Hacía calor en la ciudad. Veintisiete extraños grados otoñales que invitaban a regar y alimentar oportunamente el festín cultural. En el debate posterior, entre tres comensales, se visualizaron diversas interpretaciones de Marina Abramovic. Una de ellas, como mujer eslava de raza, con unos preciosos ojos verdes, como si fueran esmeraldas. Otra, una versión de Abramovic sentada en torno al fuego, en una reserva india, como hechicera de la tribu, a la cual narraría historias fantásticas una noche tras otra. La última, como amante de Rasputín, el místico ruso que ejerció una notable influencia sobre los Romanov con un magnetismo y una fuerza de la naturaleza tan extraordinarias que ni el cianuro ni los disparos acabaron con su vida en el complot organizado en el palacio Yusupov, con lo que optaron por encadenarlo y arrojarlo al río Neva. Pero Rasputin encarnó en cierto modo el mal, mientras Abramovic encarna el bien; el arte transformador de la sociedad. Esta mente fantasiosa no sabe muy bien por qué evoca al místico ruso como la otra cara de la moneda de una fuerza energética con la que Marina, nuestra Marina, nuestra premiada, felizmente ayer en Gijón, ha forjado una trayectoria artística tan original y tan diferente (pero así es y así lo cuenta). Ese fue precisamente su último consejo a quien quiera adentrarse en el mundo del arte. No seguir ninguna corriente existente, no ambicionar la fama, ser uno mismo y no tener miedo a nada.

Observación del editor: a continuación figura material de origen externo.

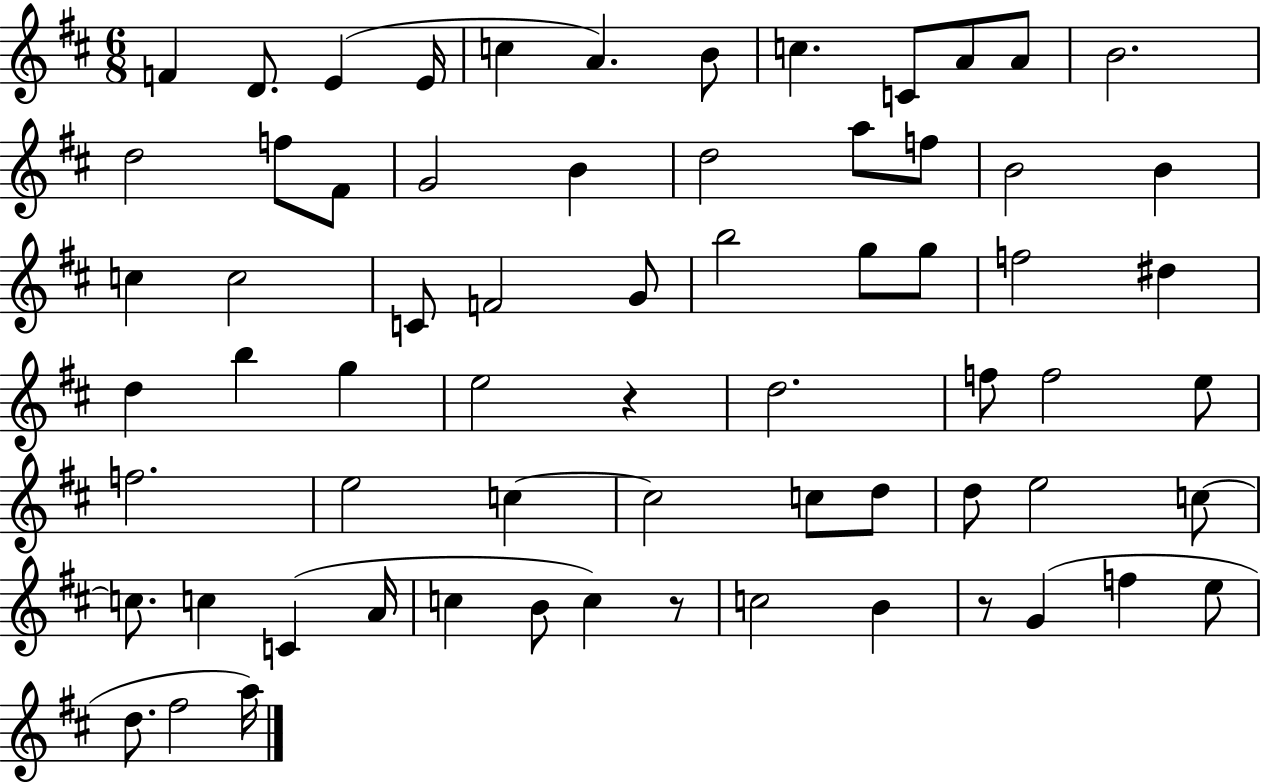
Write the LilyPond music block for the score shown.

Brindamos por ti Marina. Por tu talento. Y por esa fuente de energía luminosa que irradia tu singular presencia.
FOTOS PALOMA UCHA
PD.-En su entrevista con EL COMERCIO en el Reconquista, el pasado martes Marina se mostró cercana, amable y por supuesto interesante. El resultado salió hoy publicado, con la siempre extraordinaria firma de Marifé Antuña.